Example 4: Effect of 6-EII in combination with other media components This experiment was performed according to the following conditions. According to the method described above, Chugokuichi cells were cultured as callus and then as suspended cells on growth medium A (Table B). After culturing in this medium for 7 days, the suspended cells are substantially separated from this medium, and the basic pH is 5.8 so that the fresh cells are about 20% (w / v). Seeded in production medium (Medium B, Table B). In addition to the ingredients described in medium B, this medium further contained 5 mmol / liter glutamine. The gas phase was adjusted to 90-97% oxygen and 2.5-6% CO ₂ in air, and the temperature was maintained at 25 ± 2 ° C. Cells were cultured in the dark and stirred at 150-200 rpm for the duration of the experiment. After 14 days of culture in the production medium, the culture was harvested to obtain the taxane.

  Taxane yields as a function of specific component combinations in the media were tested and compared to the yields obtained in the absence of specific components or in the absence of specific component combinations.

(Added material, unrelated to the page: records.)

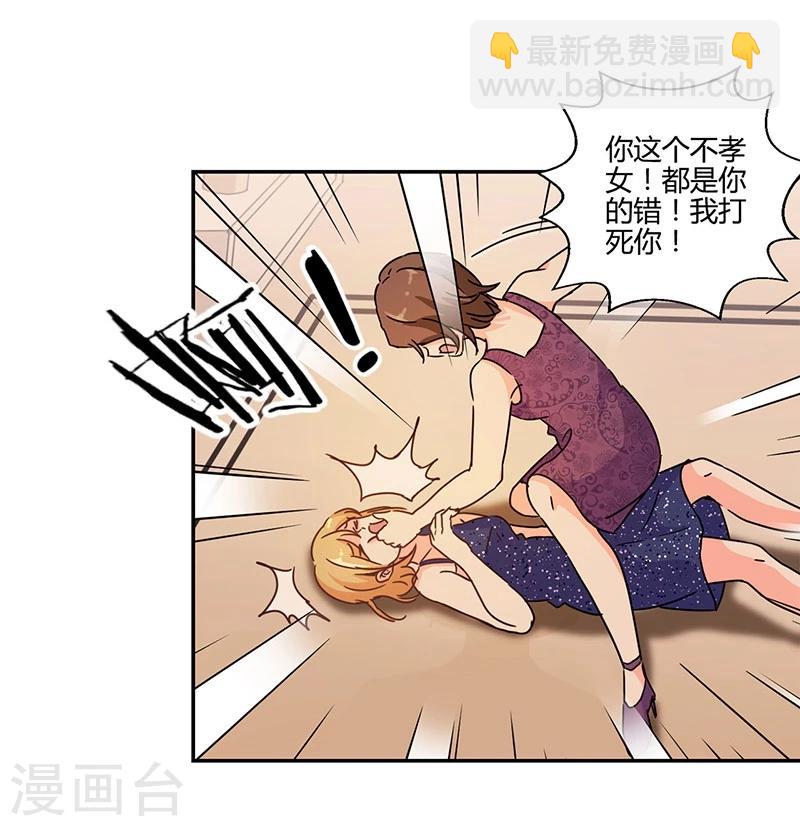 重生豪門之強勢歸來 - 第133話 - 2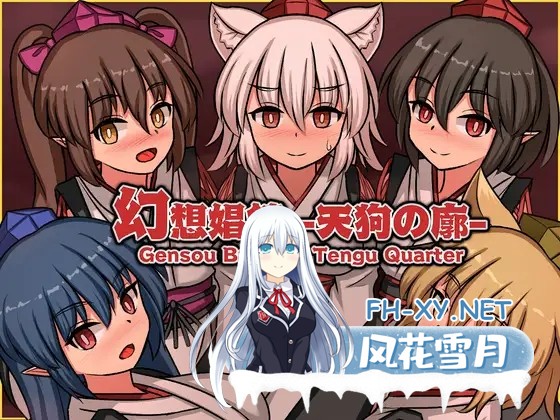 [SLG/官中/动态/口交/更新][RJ01392979/ぴょんぴょんぴょん社团]幻想娼馆-天狗之廓/幻想娼館 -天狗の廓-[Ver1.02][PC/1.5G]-1.jpg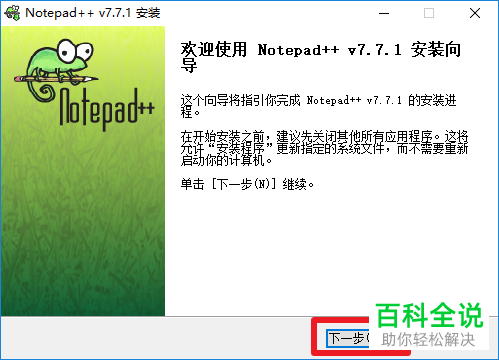 怎么用Notepad++修改电脑hosts文件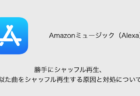【アレクサ】勝手にシャッフル再生・似た曲をシャッフル再生する原因と対処について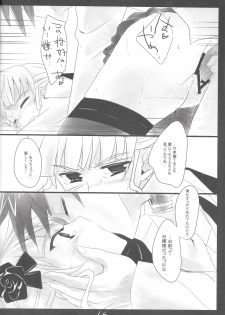 (C77) [FlyingCat (Nekou Izuru)] ANTI THE MAGIC (Umineko no Naku Koro ni) - page 15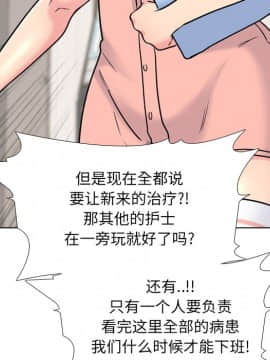 泌尿科俏護士1-31話_24_1209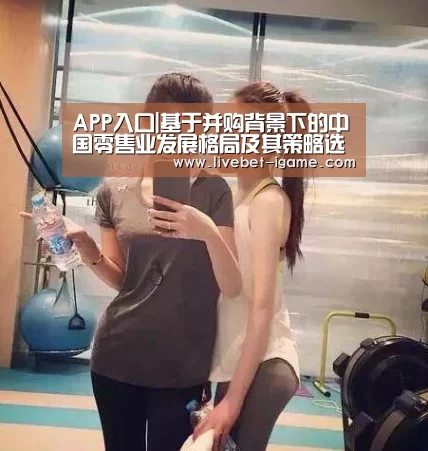 爱游戏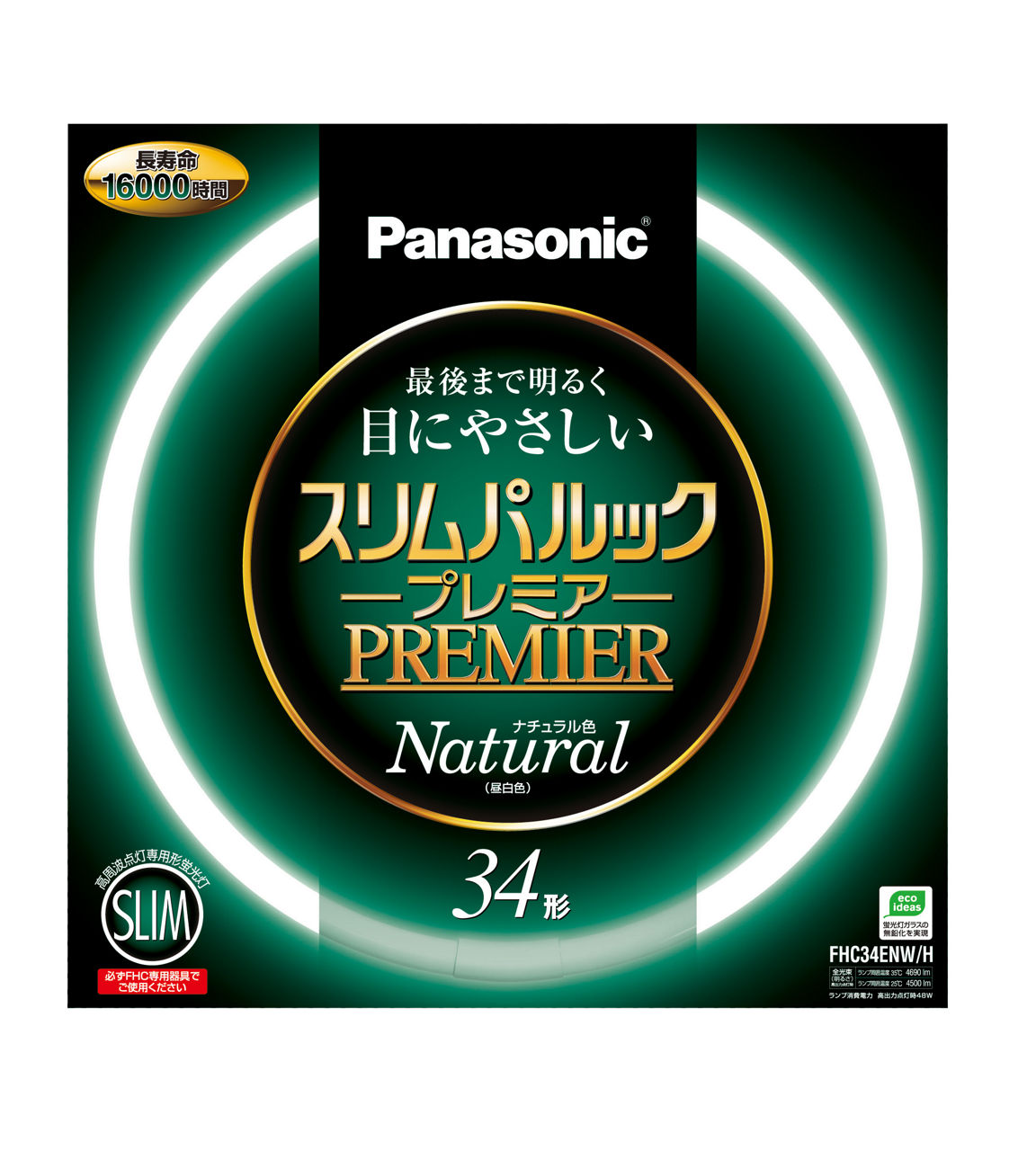 Panasonic スリムパルックプレミア FHC34ENW/H 3個セット FHC34ENWH 概要 - スリムパルックプレミア34形(ナチュラル色) | LED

  It was found that by including 6-EII in the range of 5-500 μmol / liter alone, the taxane yield was increased. However, when combined with 20 μmol / liter NAA (auxin-type growth regulator), the yield was improved significantly. The yield was further increased when 50 μmol / liter of silver (an inhibitor of ethylene action, supplied as a thiosulfate complex) was added to the combination of 6-EII and NAA. In addition, when 20 μmol / liter MDCA (3,4-methylenedioxycinnamic acid known to be an inhibitor of phenylpropanoid metabolism) was added to this combination, the yield was further increased. These surprising activities could not be predicted from the activity of the individual components. 20 μmol / liter NAA, or 20 μmol / liter NAA and 50 μmol / liter SLTS, or 20 μmol / liter NAA and 50 μmol / liter SLTS and 20 μmol / liter MDCA in combination with 50 to 200 μmol / liter, By adjusting under specific conditions, such as using an indanoyl amino acid such as 6-EII, it is also possible to optimize the concentrations of the components to maximize the desired result.

Example 5: Effect of Silver Nitrate and 6-EII on Taxane Production According to the method described above in Examples 1 and 2, Chugokuichi cells are then suspended as callus on growth medium (Medium A shown in Table B). Cultured as fresh cells. After culturing in this medium for 7 days, the suspended cells are substantially separated from this medium and medium B with an initial pH of 5.8 so that the fresh cells are about 20% (w / v). (Table B). In addition to the components listed in Table B, 20 μmol / liter NAA, 20 μmol / liter MDCA, 5 mmol / liter GLN, MJS or 6-EII, and silver as nitrate or thiosulfate complex at various levels in the medium Added to. The gas phase was adjusted to CO ₂ 90 to 97 percent oxygen and from 2.5 to 6% of the level in the atmosphere, the temperature was maintained at 25 ± 2 ° C.. Cells were cultured in the dark and stirred at 150-200 rpm for the duration of the experiment. After 14 days of culture in the production medium, the culture was harvested to obtain the taxane.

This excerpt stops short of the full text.